First I use load_components to load all the components which are valuable to all of my result classes. Since I always use a random combination of characters for the primary key column id I load RandomColumns. InflateColumn::FS makes sure that any BLOB is stored on the file system rather than in the database. TimeStamp can set columns to the current time on either update or create. It also loads InflateColumn::DateTime which is used to inflate any date or time columns to a DateTime object.

You need to define a table name, otherwise DBIC fails to compile. This table will never be created or seen in any of your result classes as long as you overwrite it in each class. So just name it dummy or something and you are good.

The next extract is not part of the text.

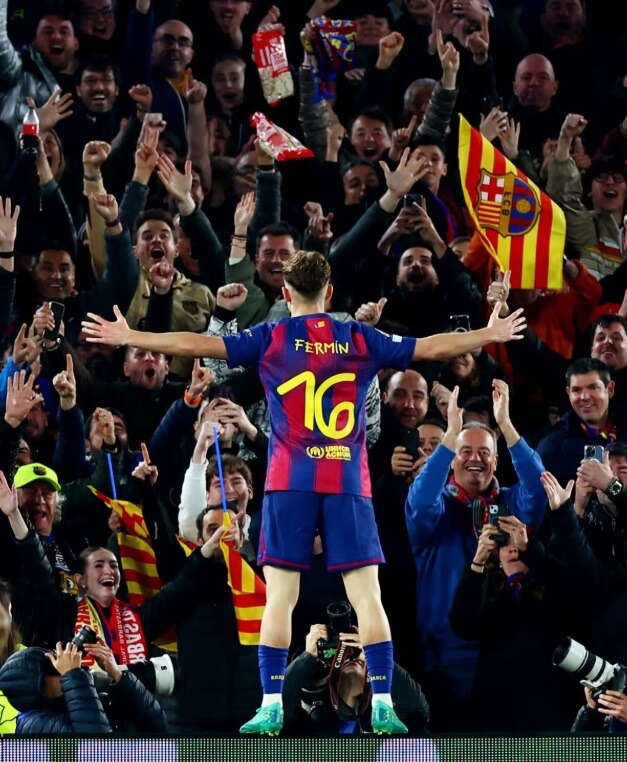 Fermin Lopez goal vs Newcastle United 19.3.2026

Next I create a couple of columns which should be avaiable on all result classes. My primary key is always called id so create that column for all my classes. To use the RandomColumns component you have to add that is_random line to the column definition. This will create a random 10-byte long string. Since I’m a little bit paranoid about collision I set the check parameter so the component checks before inserting a new row if a column with that id is already there. Although this is very unlikely because there are 52^10 combinations, quite a lot…

The created_on and updated_on columns use the features of TimeStamp to set the time when the record was created or updated respectively. timestamp with time zone is a PostgreSQL specific column. You might need to the correct data type of your dbms.

I use SQL::Translator, DBIx::Class::Schema::Versioned and a few lines of code to deploy and update my database schema. Foreign key constraints on the database slow things down and DBIC handles them anyway so I decided to drop them from the SQL::Translator output. this is done in the sqlt_deploy_hook method.